• _TASK REQUIREMENTS_
Could you repeat all of the entries word for word, minus any pictures?

• _MATERIAL FOR THIS EXERCISE_
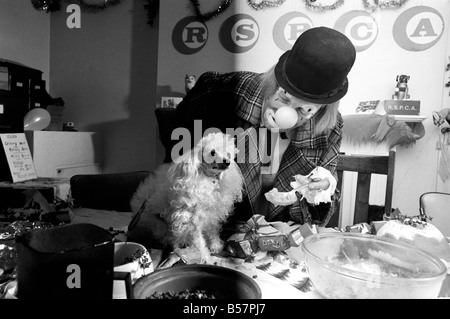Cani festa di Natale. "Hobo' ospita la doggy gli ospiti godono di un menu di biscotti, dog-carne, la Turchia a salsa e salsa di cioccolato in gocce. ;Dicembre 1970 ;70-11583-015 Foto Stock
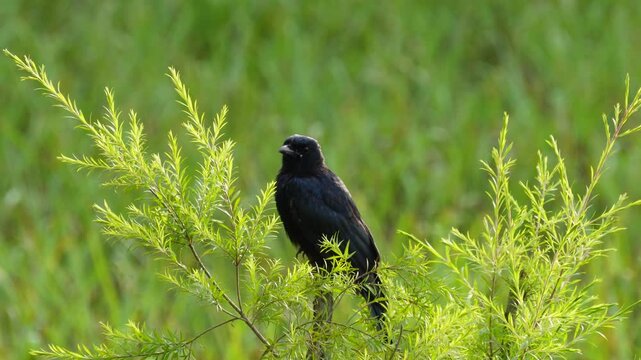black drongo perched on a green shrub in a natural habitat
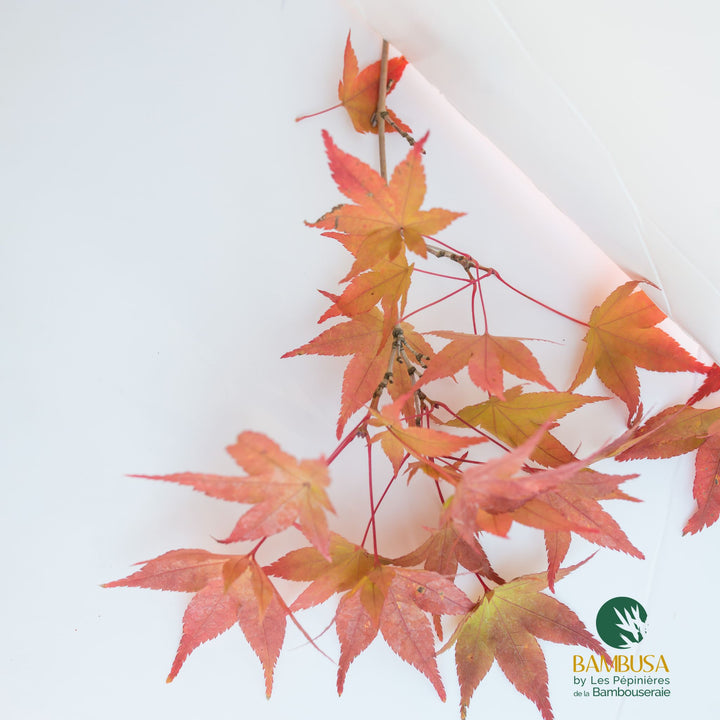 Acer palmatum &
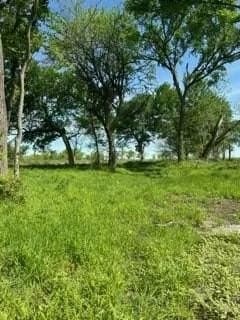 4.06 acres in Hill County gallery image 4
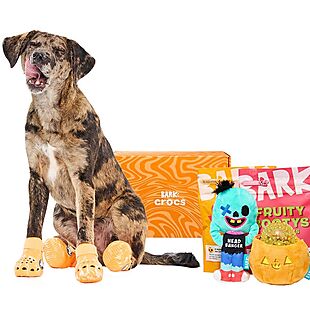 Dog Box & Crocs from $24 for Subscribers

• _EXERCISE OUTPUT_
Cani festa di Natale. "Hobo' ospita la doggy gli ospiti godono di un menu di biscotti, dog-carne, la Turchia a salsa e salsa di cioccolato in gocce. ;Dicembre 1970 ;70-11583-015 Foto Stock
black drongo perched on a green shrub in a natural habitat
 Acer palmatum &
 4.06 acres in Hill County gallery image 4
 Dog Box & Crocs from $24 for Subscribers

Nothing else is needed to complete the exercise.